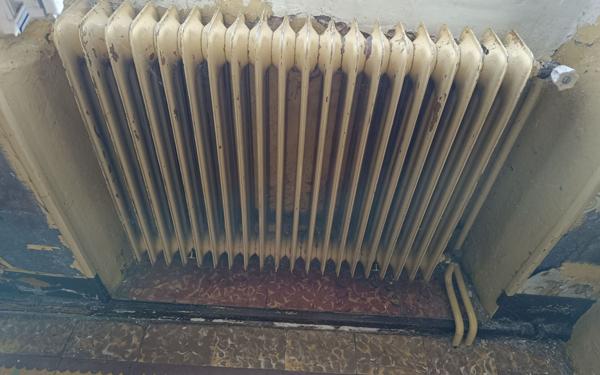 Maison à vendre    5 pièces •  Meyrannes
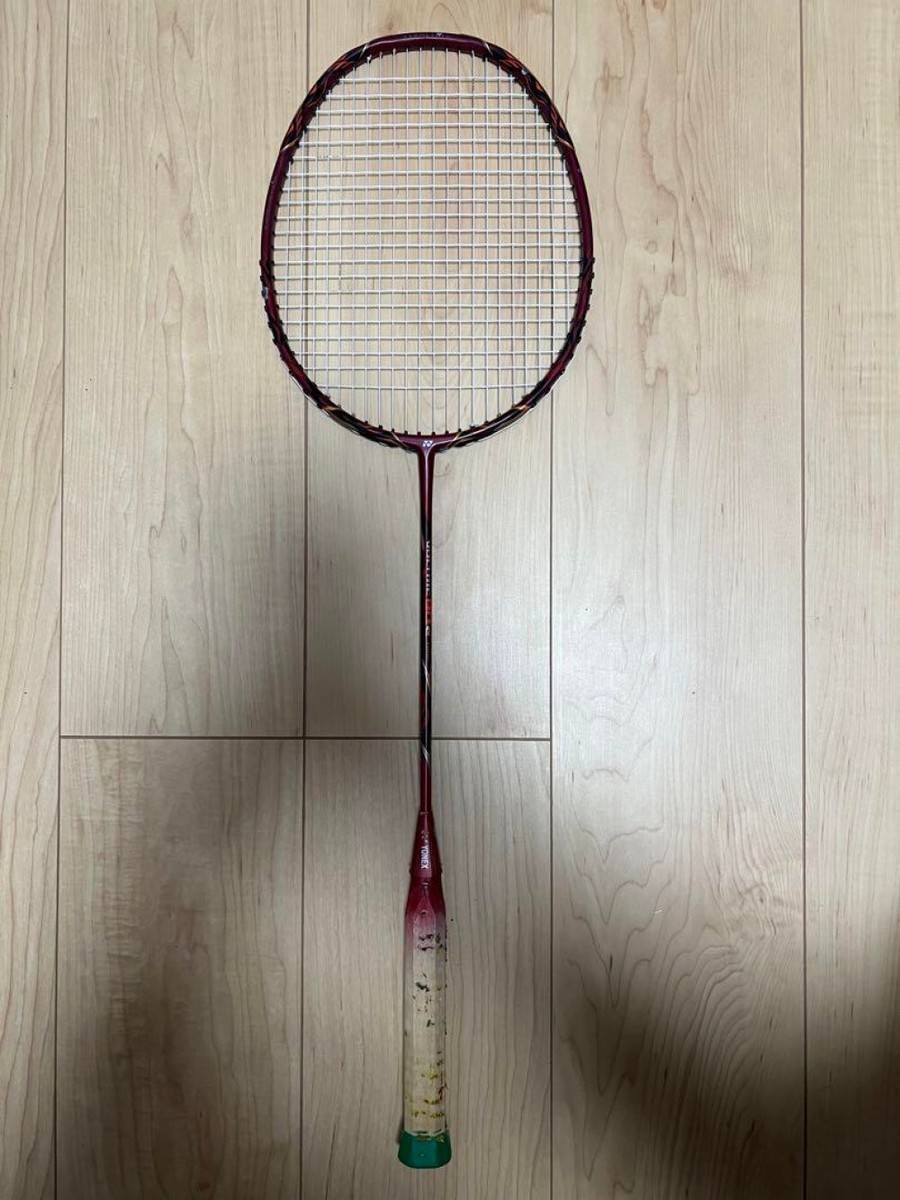 Yonex Voltric 80 E-tune バドミントンラケット3UG5 ヨネックス ボルト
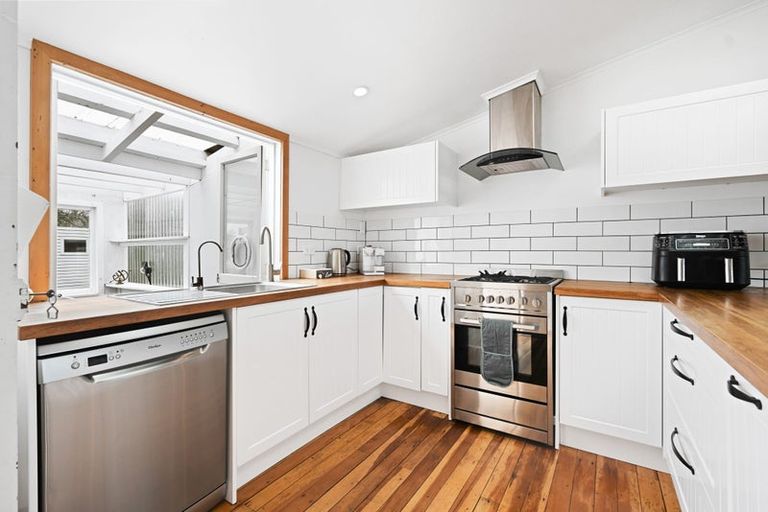 Photo of property in 33 Claude Street, Fairfield, Hamilton, 3214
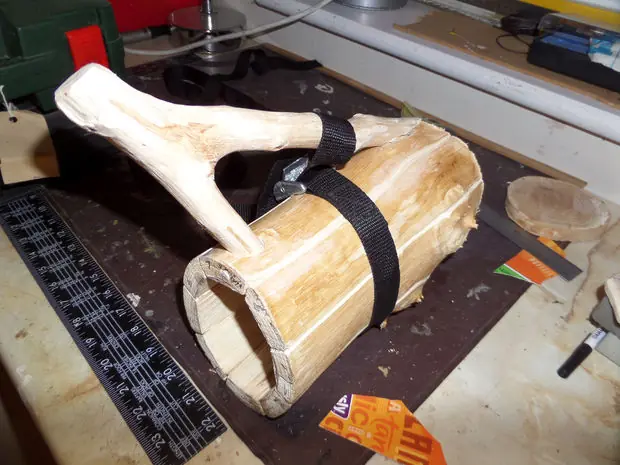 Como Hacer una Jarra “Hobbit” de Madera Como Hacer una Jarra “Hobbit” de Madera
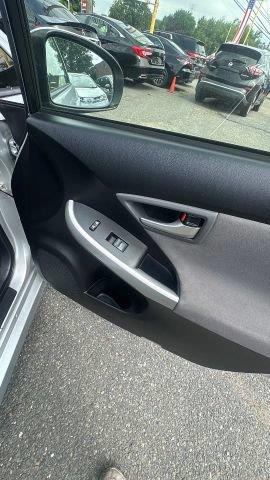 2013 Toyota Prius - $8,777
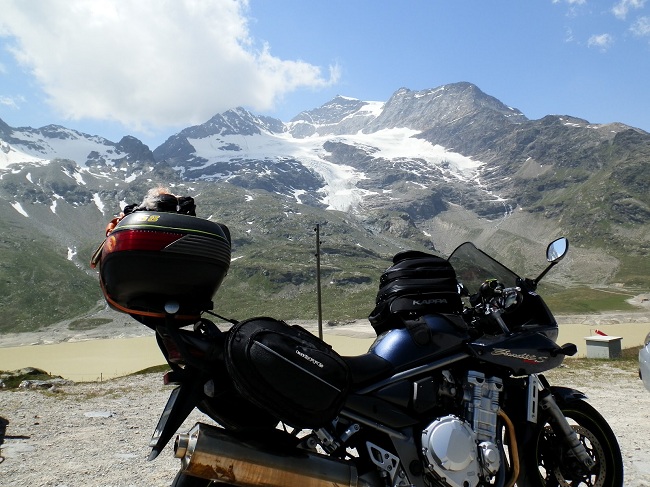 Avventura in moto di 5 giorni per scoprire le Dolomiti Avventura in moto di 5 giorni per scoprire le Dolomiti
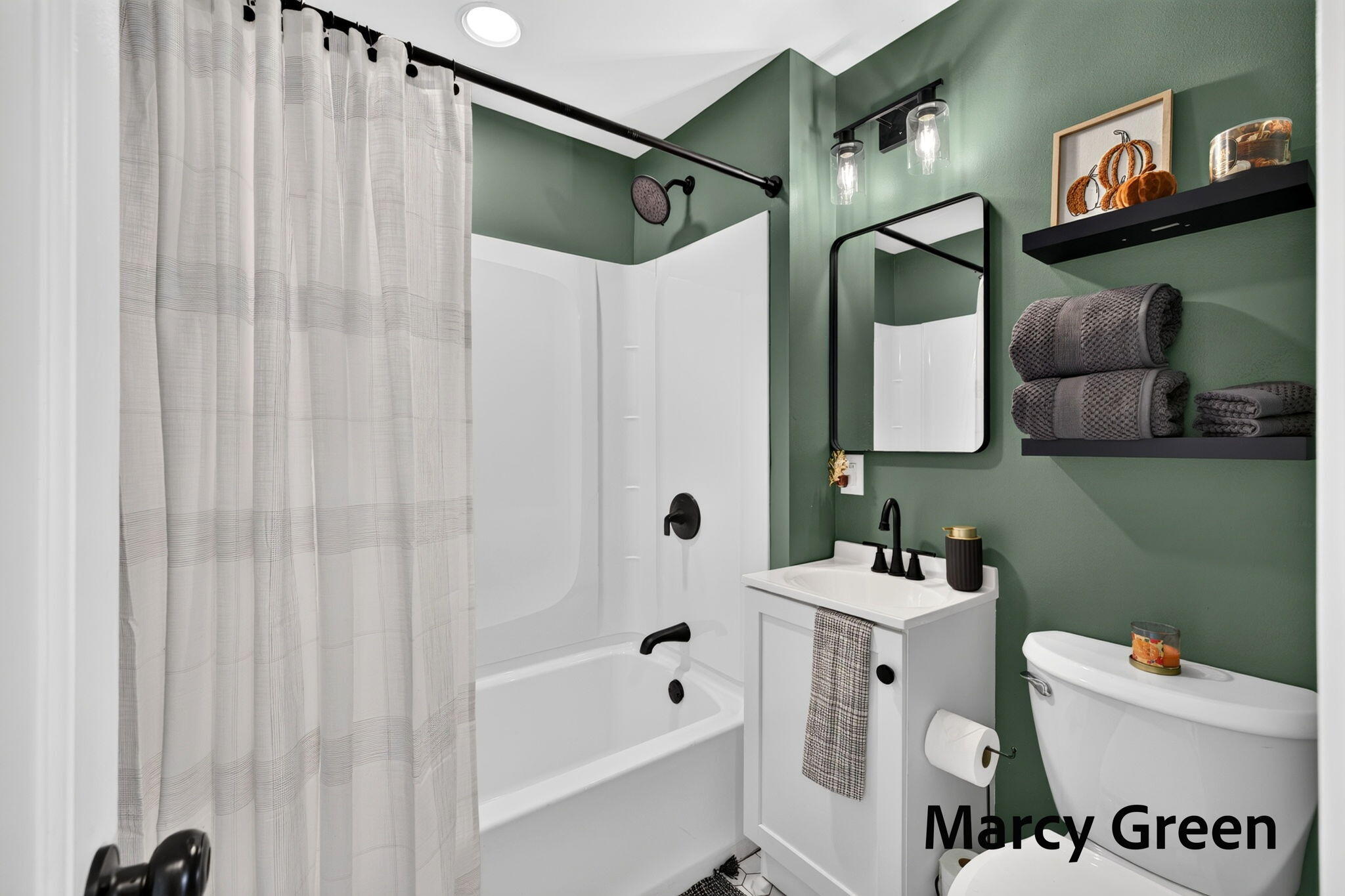 1519 Grant Avenue Grand Haven MI 49417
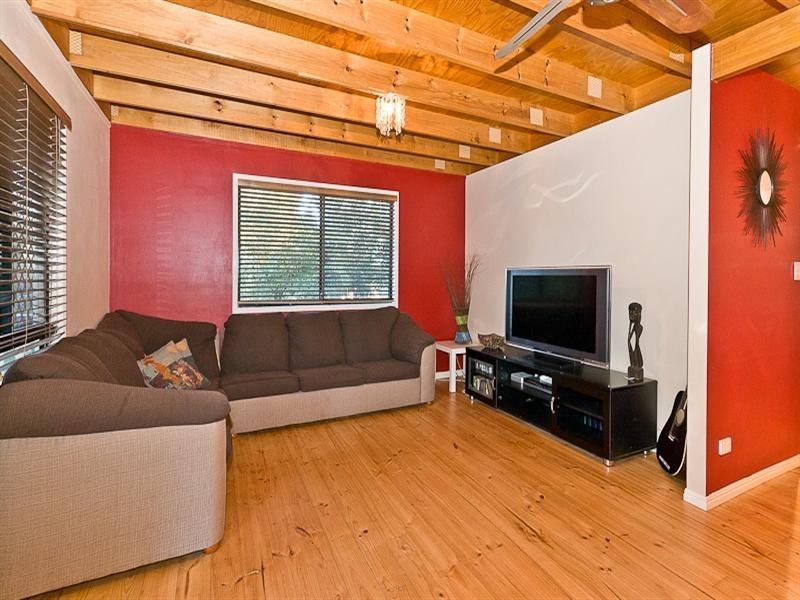 35 Mt Glorious Road (1 Trentham Place, Samford Village QLD 4520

__WHAT YOU WILL DO__.
The entries are to be copied exactly, and each image is to be omitted.

__OUTPUT FOR THIS TASK__.
 Maison à vendre    5 pièces •  Meyrannes
 Yonex Voltric 80 E-tune バドミントンラケット3UG5 ヨネックス ボルト
 Photo of property in 33 Claude Street, Fairfield, Hamilton, 3214
 Como Hacer una Jarra “Hobbit” de Madera Como Hacer una Jarra “Hobbit” de Madera
 2013 Toyota Prius - $8,777
 Avventura in moto di 5 giorni per scoprire le Dolomiti Avventura in moto di 5 giorni per scoprire le Dolomiti
 1519 Grant Avenue Grand Haven MI 49417
 35 Mt Glorious Road (1 Trentham Place, Samford Village QLD 4520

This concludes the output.